The current single-center observational study was conducted on 266 ARDS patients on invasive mechanical ventilation (IMV), to determine the sub-phenotypes of AKI associated with ARDS. Sub-phenotyping was done based on the serum creatinine (SCr) trajectories from day 1 to day 5 of IMV into resolving (sub-phenotype-1) or non-resolving (sub-phenotype-2) AKI. In the study, 222 patients were included for data analysis out of which 141 patients (63.51%) had AKI. The incidence of sub-phenotype-2 AKI among the ARDS cohort was 35.13% and was significantly higher among the non-survivors (87.7%).

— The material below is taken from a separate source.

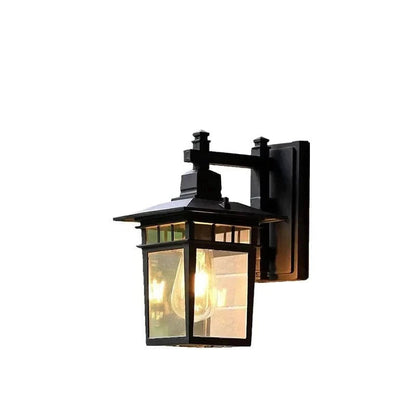 Outdoor Wall Light – Waterproof LED Garden & Patio Security Wall Lamp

Acute kidney injury Sub-phenotype-1 had higher median day 1 SCr than sub-phenotype-2 but lower levels by day 3 and day 5 of IMV. The median time of survival was 8 days in AKI sub-phenotype-2 versus 45 days in AKI with sub-phenotype. The classification of patients into AKI or non-AKI categories in ARDS patients based on the severity may not predict outcomes, rather sub-phenotyping based on serum creatinine trajectories is the reliable predictor. The DRONE score ≥ 4within 48 hours of IMV also predicted the sub-phenotype-2 AKI among ventilated ARDS patients.

To conclude, increased mortality has been observed in patients with AKI developing respiratory complications and that signifies a co-relation between AKI and ARDS. There exists a bidirectional relationship as AKI can develop in mechanically ventilated patients with ARDS. However, larger multi-centric studies focusing on ARDS-AKI cross talk is the need of the hour. Clinicians need to consider the complexity of organ interactions during the management of critically ill patients with these interrelated conditions.